Start a Calibration Review – Decide where to source your documents and choose how many to review.
Code Documents – Code the documents used in the Calibration Review.
Interpret Calibration Results – Assess your Agreement Rate, read the GenAI reasonings per document, and view citations for positive ratings.
Apply Calibration Findings – If you want to improve your Agreement Rate, edit your Definition and perform another Calibration Review.

I. Start a Calibration Review

Calibration Module

Calibration Reviews are created in the Calibration Reviews module, accessible in the left Modules pane. To start a new Calibration Review, press the ADD button.

Calibration reviews display agreement rates and completion status for various evaluations.

You can also view changes to the Agreement Rate across Calibration Reviews through the Agreement Rate Graph.

Your Calibration Reviews table contains all of your old Calibration Reviews in your aji Workflow. You can click the name of a Calibration Review to see it’s individual results in the Calibration Data Visualizations, discussed further in the Interpret Calibration Results section.

Create Calibration Review Modal

Note
For a quicker way to generate a document set for Calibration, choose Suggest documents automatically. This automatically submits your Definition as an Ask search query, then creates a document set from the results of the Ask search.

From the Calibration Review module, press the ADD button. The Create Calibration Review modal will appear.

Create a calibration review for HR payroll issues with document selection options.
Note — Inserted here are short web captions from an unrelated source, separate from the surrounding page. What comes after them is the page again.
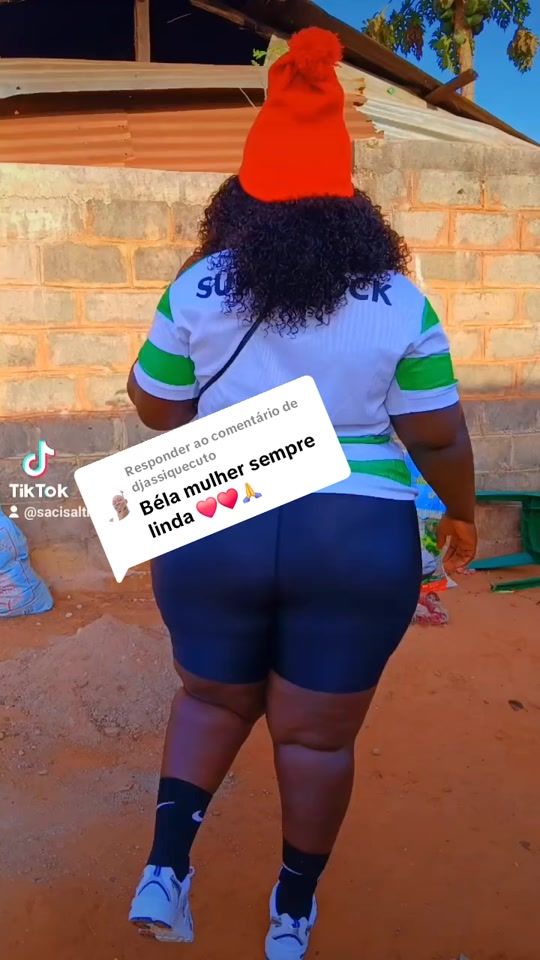 TikTok video thumbnail by badjudasa1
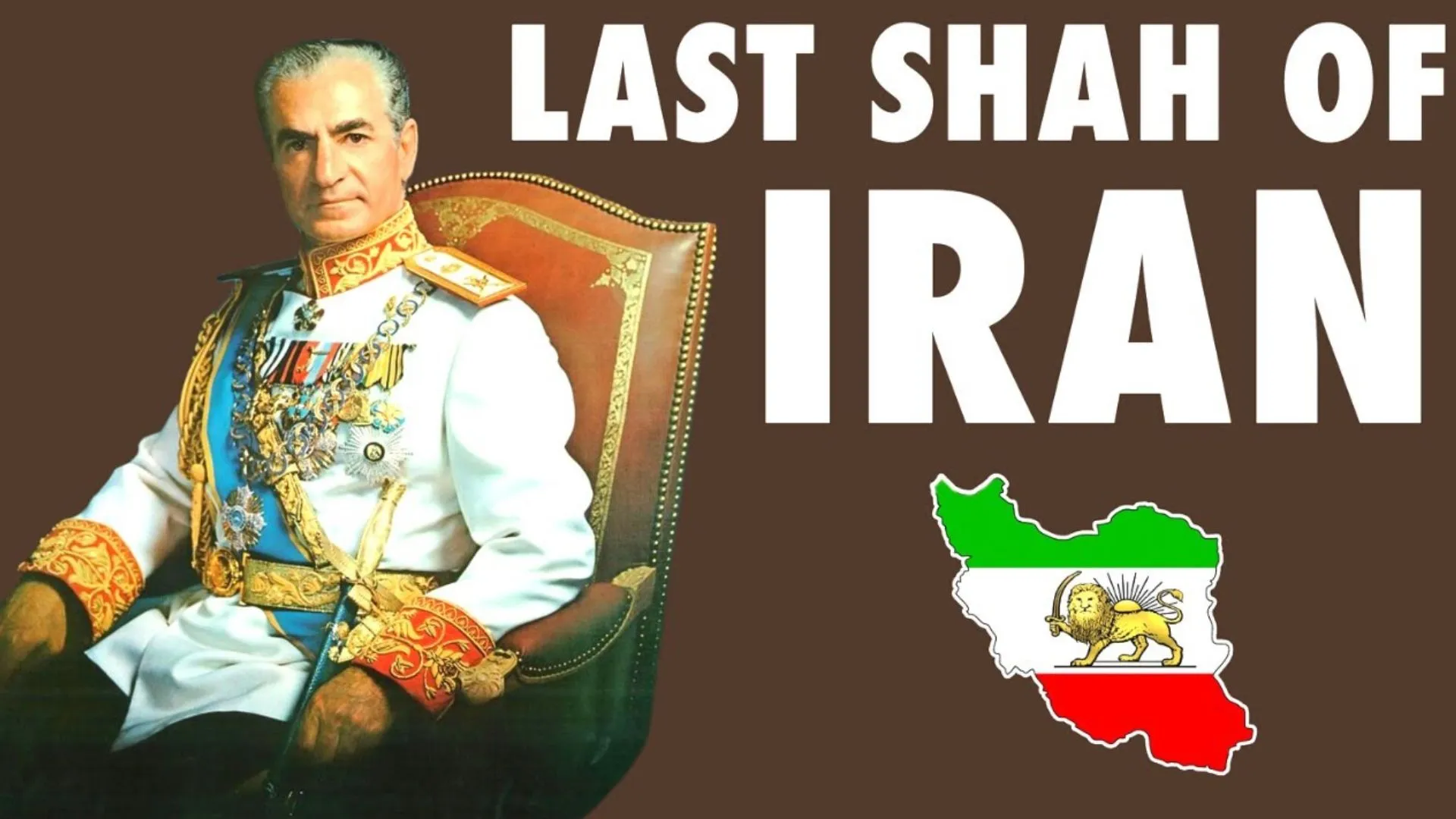 पहली बार इजरायल की यात्रा पर आएंगे ईरान के आखिरी शाह के बेटे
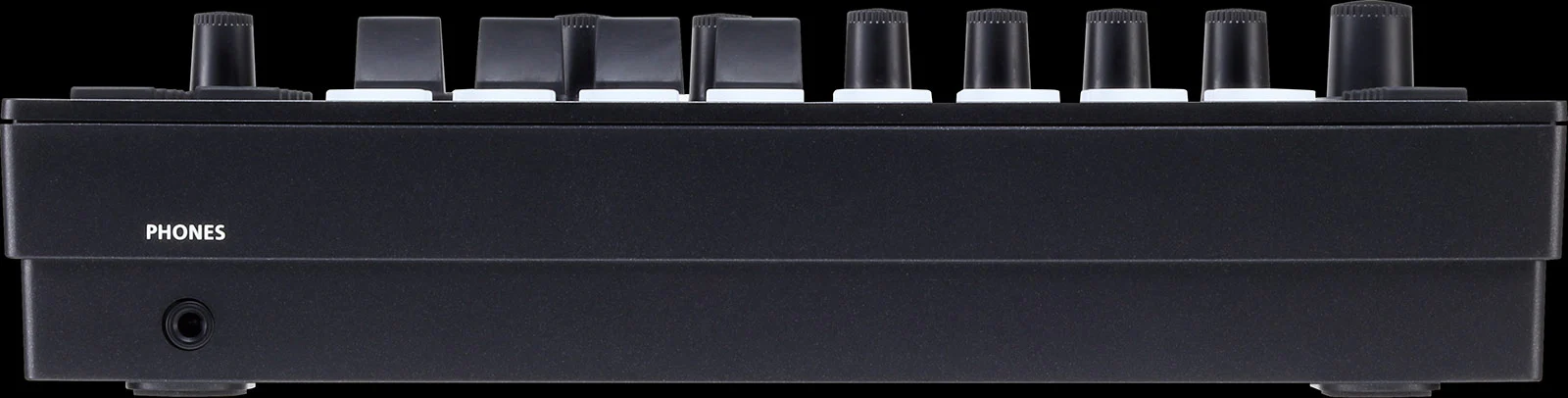 Roland MC-101 Groovebox - Image 4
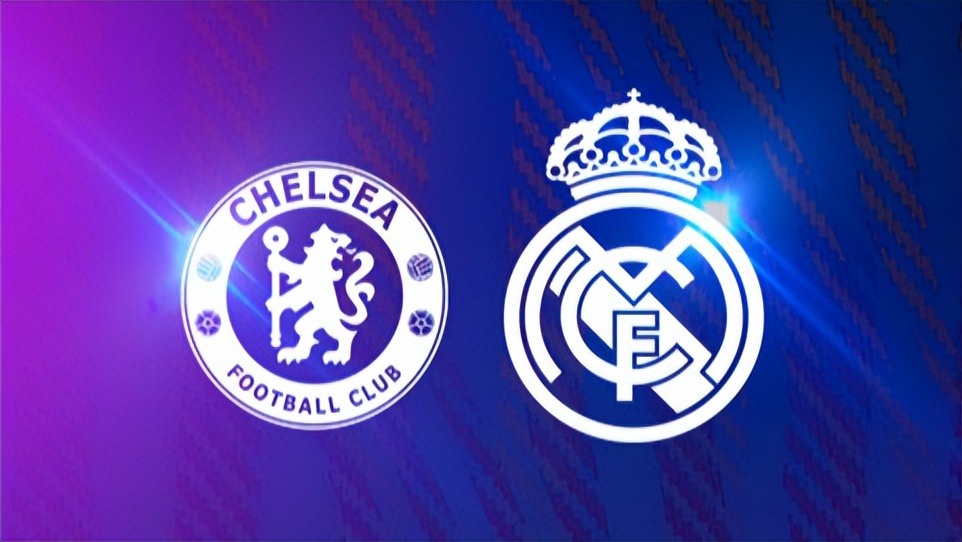 cctv5英超直播热刺vs切尔西,曼联切尔西直播cctv5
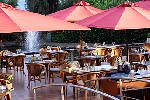 Hotel Le Meridien Limassol Spa and Resort 5 stele, Limassol, Cipru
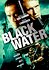 Black Water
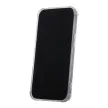 Ultra Trendy hátlap, tok iPhone 12 6,1" Meadow 3, mintás, színes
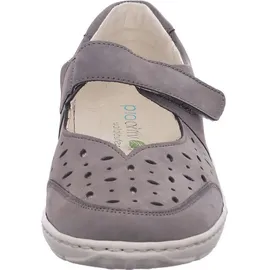 WALDLÄUFER Slipper Damen Beige 38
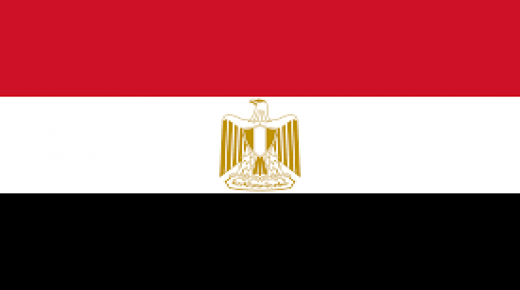 هيكتور كوبر ينشر القائمة النهائية للاعبي المنتخب المصري وإستبعاد لعواد و وليد سليمان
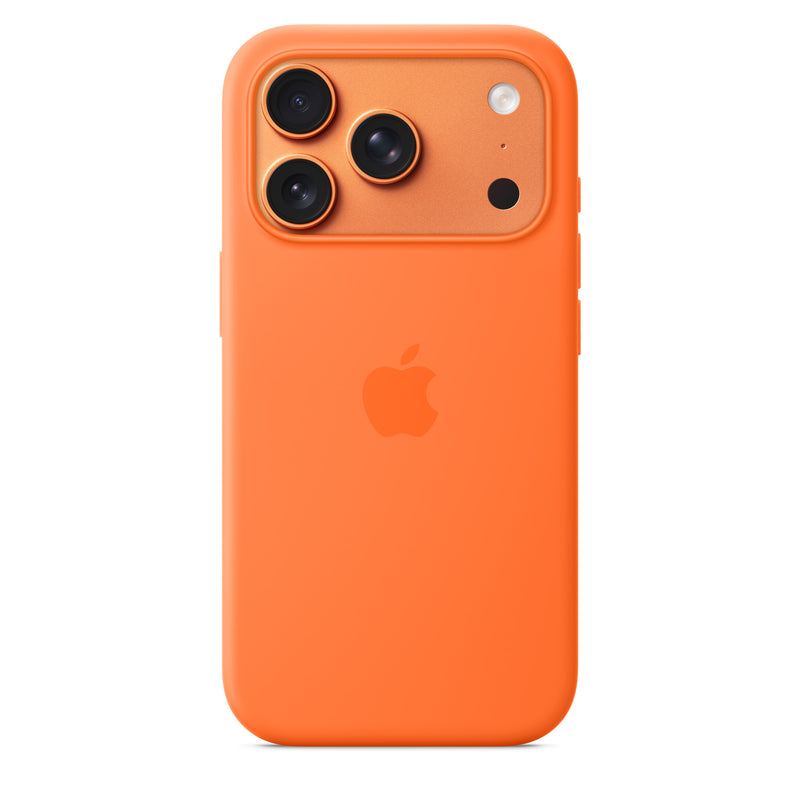 13992491-FRONT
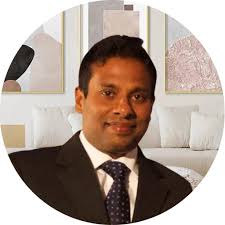 Holistic Villas Hills 𝗕𝗢𝗢𝗞 Kandy Villa 𝘄𝗶𝘁𝗵 𝗙𝗥𝗘𝗘  𝗖𝗮𝗻𝗰𝗲𝗹𝗹𝗮𝘁𝗶𝗼𝗻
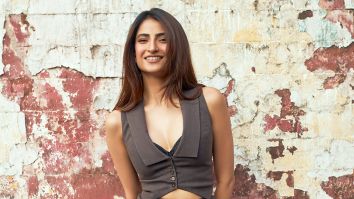 Celebrity wallpaper of Palak Tiwari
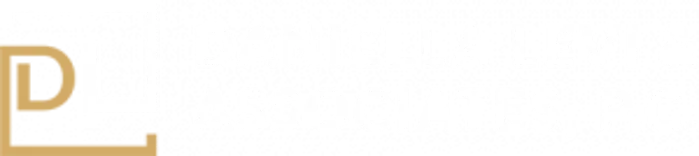 Daniella Levi & Associates, P.C. - Bronx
Name: Name your Calibration Review.
- Make sure you use a naming convention that makes sense to you and for easy reference across all your reviews.
Documents to Review: Select which documents you want aji to send to GenAI for review.
- Suggest documents automatically – have aji generate its own set of documents for review. aji will put your Definition(s) through Ask as a search prompt, then use a select number of those documents for Calibration. This option will filter out documents with no text and text sizes greater than the maximum or less than the minimum configured so they are not a part of the generated document set.
  1. Number of Documents to Select: Type the number of documents you want to use for the review.
- Use existing document selection – use documents from a previous review.
  1. From the dropdown, choose which aji review you want to reuse documents from.
- Create new document selection – use a new set of documents from a Saved Search or Work Folder.
  - All Documents – Calibrate all documents in your project. This option is not recommended, since the Calibration stage is designed to test a small number of documents from your entire dataset.
  - Saved Search – Pull your documents from a pre-existing saved search. The Saved Searches modal will appear.
    1. Choose a saved search. You can click the > arrow to expand and view the saved search as it would appear in the Review Grid search bar.
    2. Click SELECT.
  - Work Folder – Pull your documents from a pre-existing work folder.
    1. Use the > arrow to find and then choose a work folder.
Definition Suggestions: Check whether or not you would like aji to provide an Auto-Tuned Definition. This will suggest improvements to your Definition based on the Calibration Review results.
- See the Apply Calibration Findings section for information on where to find the Auto-Tuned Definition.
Click START.
1. If you don’t have enough aji Units left in your project to start your Calibration Review, it won’t start and you will be notified via a popup. See our aji Unit Allocation – Instance Admin article for more details on assigning aji Units to projects, and our aji Billing article for details on how to estimate your aji Unit usage for a single Calibration, GenAI, or Hybrid GenAI Review.

II. Code Documents

Review Documents

To manually code your documents, return to the work folder or saved search used in your Calibration Review. If you chose to have aji Select documents automatically, you can find them in an auto-created work folder titled AI Calibration Sets.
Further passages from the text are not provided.